The Assistant Fiscal of this Court admits in his brief that the only presumptive evidence which may serve to connect the *23appellant with the crime charged is,- 1st, that the - automobile used by Ramírez, Rodríguez, and Figueroa to transport the bolita materials, belonged to the appellant; 2d, that the latter at first objected to having his automobile searched; and 3d, the sending .of the bond to the Justice of the Peace without having been arrested or accused. He maintains, however, that . from all the circumstances surrounding the case, it could perhaps be validly inferred that Almodovar sent Santos Ramírez, Rubén Rodríguez, and Juan Figueroa, to Yauco in his private automobile to pick up the lists of bolita which were seized in said vehicle.” (Italics ours.)
It is a firmly-established rulé in criminal cases that in order to convict a defendant exclusively on circumstantial or presumptive evidence it is necessary not only that all the proved circumstances concur.in order to show that he committed the offense charged, but that they be inconsistent with any other reasonable conclusion. That is, said evidence must be not only compatible with the defendant’s guilt but incompatible with any other rational hypothesis of innocence. The People v. Nevárez, 10 P.R.R. 91; People v. Quintana, 44 P.R.R. 37; People v. Sánchez, 55 P.R.R. 342; People v. Arteaga, 70 P.R.R. 635.
The account given by policeman Cherena directly connected Ramírez, Rodríguez, and Figueroa with the violation of the Bolita Act, for which they were accused and convicted. However, the testimony of said policeman did not connect appellant in any way with the acts performed by the three persons referred to. That Almodovar was the owner of the automobile, that therefore he objected offhand to the search thereof, and finally that he sent to the Justice of the Peace a prepared bond in case he was accused, and subsequently told him to destroy it, are circumstances which possibly are compatible with his guilt but at the same time they are compatible with the rational hypothesis of his innocence, since his automobile could have been used without his knowledge *24and consent, or even if with his consent, but not for illegal purposes. The natural reaction of a person who has not committed an offense and who is not shown a search warrant, is to object to have his automobile searched. Now, is the fact that when the search warrant was shown to the appellant he objected to the search but gave up his attitude as soon as the Chief of Police arrived, sufficient to constitute an inference of guilt incompatible with his innocence? We do not think so. Finally, the only element of proof which might tend to indicate an attitude not free from suspicion is the fact that appellant' had prepared a bond prior to being arrested or accused of any crime. But this is also evidence not incompatible with his innocence, since he is entitled by law to furnish bond prior to conviction. Appellant could have reasonably believed that in view of what happened in connection with his automobile he could be arrested and he wanted to have the bond ready beforehand.

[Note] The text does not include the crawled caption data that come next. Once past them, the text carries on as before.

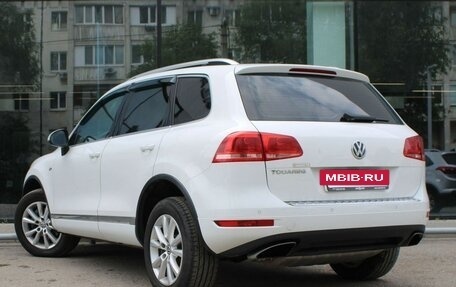 Volkswagen Touareg III, 2011 год, 1 730 000 рублей, 7 фотография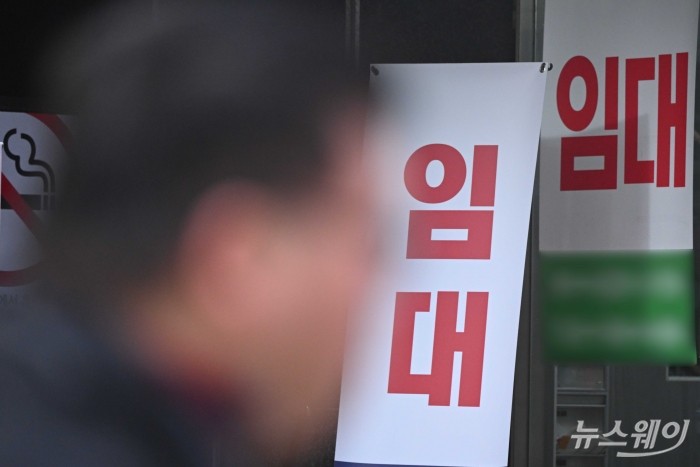 소비침체로 인해 가계소득 감소로 자영업 폐업률이 역대 최고 수준으로 기록하고 있는 12일 오후 서울 시내 한 식당가 및 상가 출입구에 임대 문의 안내문이 부착돼 있다. 사진=강민석 기자 kms@newsway.co.kr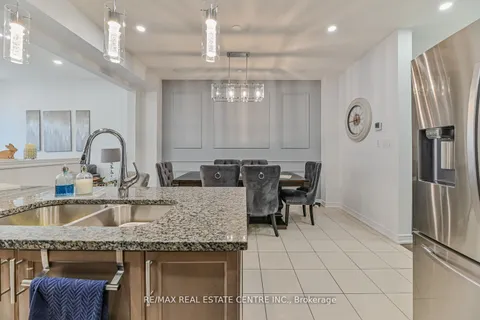 15 Oleary Rd, Brampton, ON L7A 4X1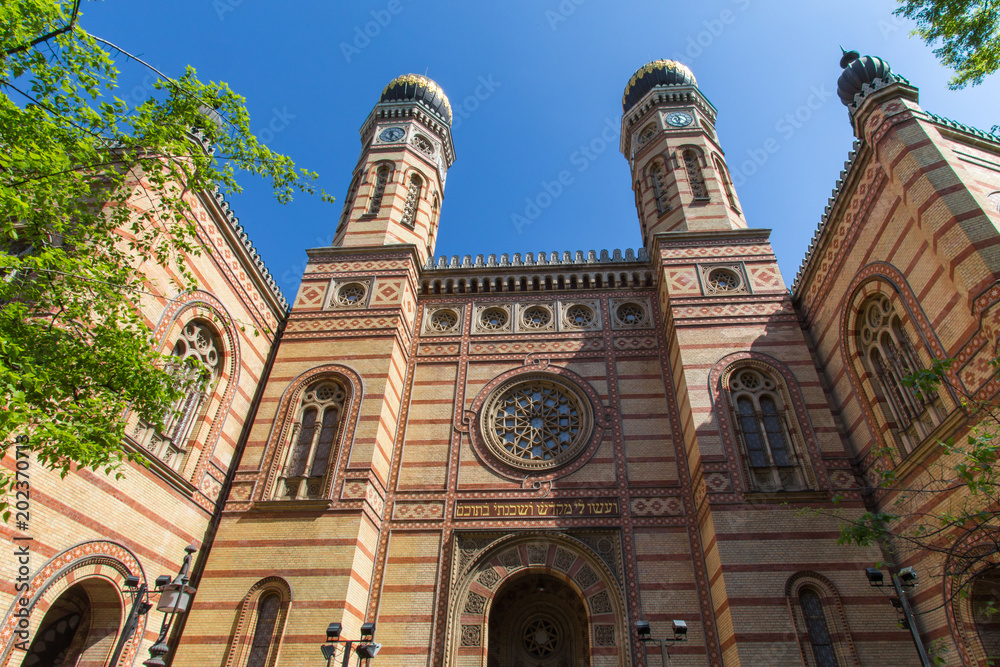 great synagogue in pest budapdest hungary great synagogue in pest budapdest hungary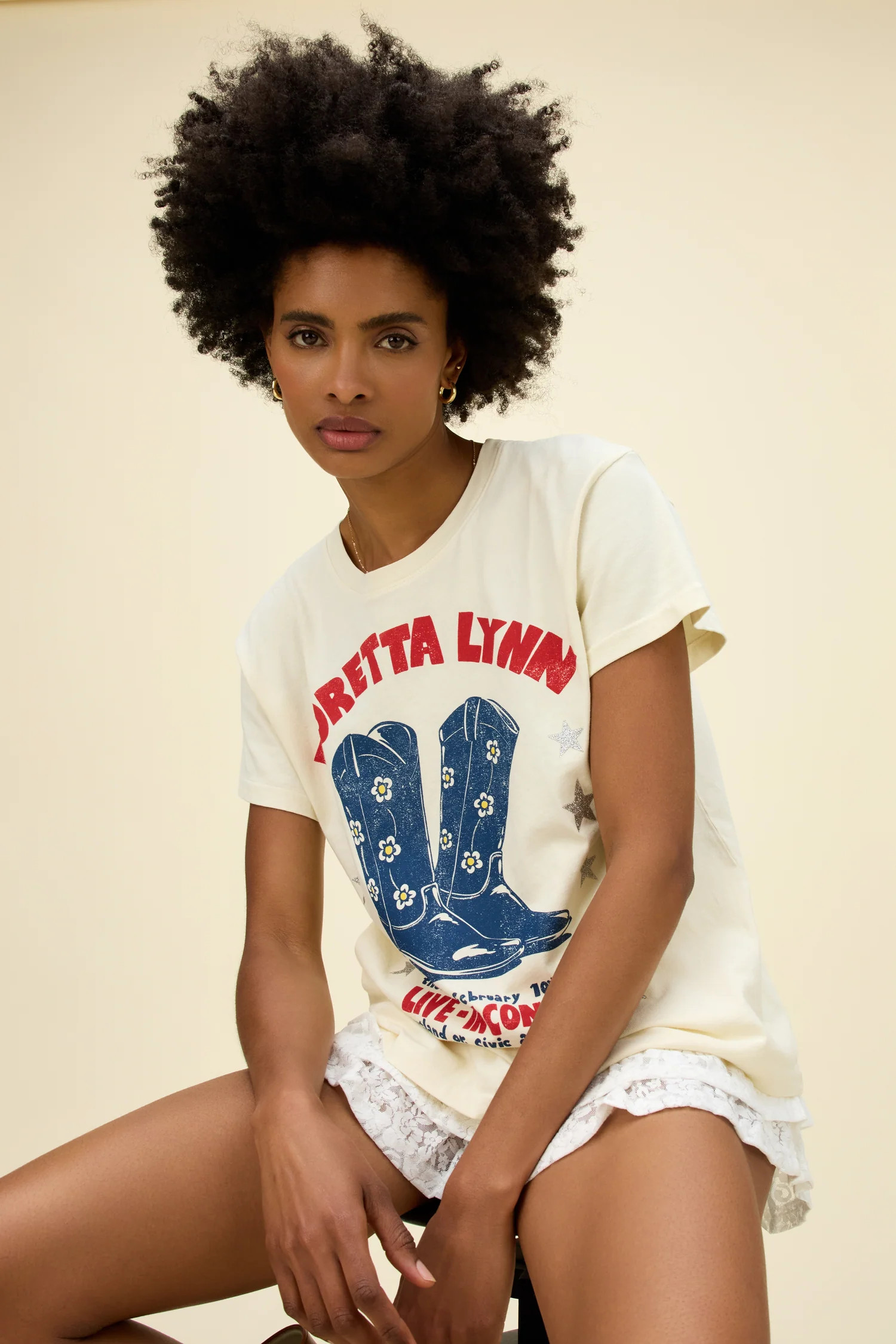 Loretta Lynn In Concert Tour Tee | Daydreamer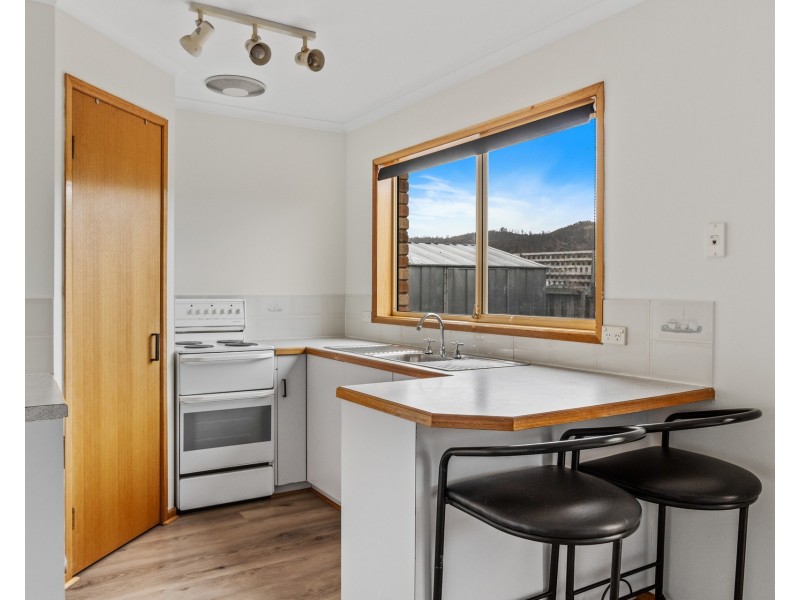 4/3 Church Street, Rokeby TAS 7019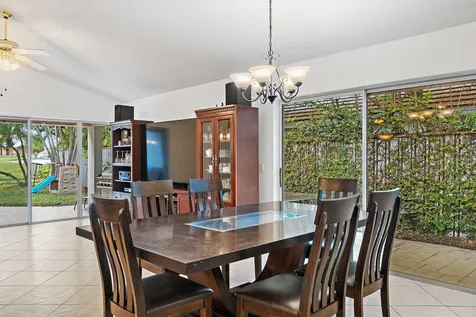 11 Admirals Court Palm Beach Gardens FL 33418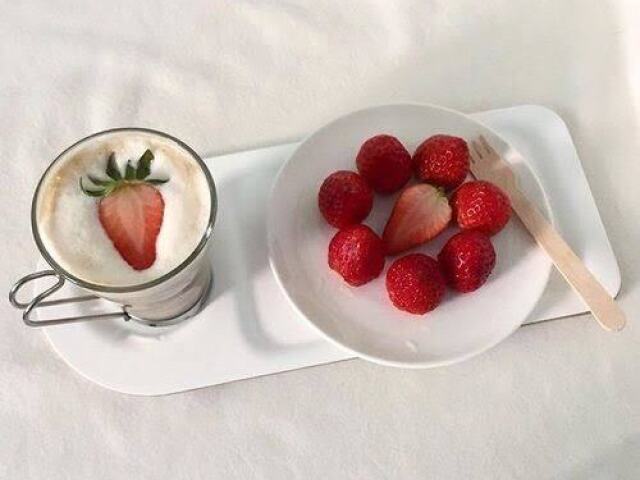 Uma vitamina de morango seria uma boa>>🍓🥛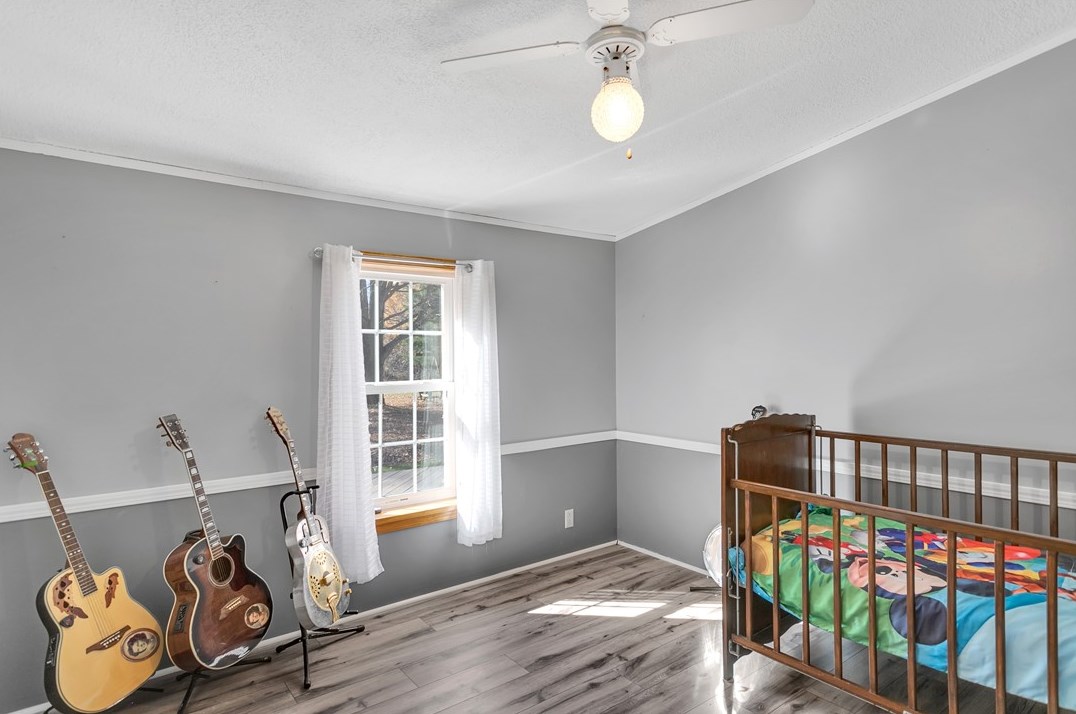 125 2nd Ave, Ellwood City PA  16117-4709 exterior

None of the three aforesaid elements of circumstantial evidence are sufficient, in our judgment, to support the allegations of the information to the effect that appellant “acting in common with Santos Ramírez, Rubén Rodríguez, and Juan Figueroa, had in his possession, owned and transported” the bolita material which was seized, and, hence, the judgment appealed from will be reversed and the appellant acquitted.
Mr. Justice Negrón Fernández did not participate herein.

 We are today deciding it in People v. Mantilla, p. 35.

 Said case was affirmed by this Court by a per curiam opinion on November 9, 1949.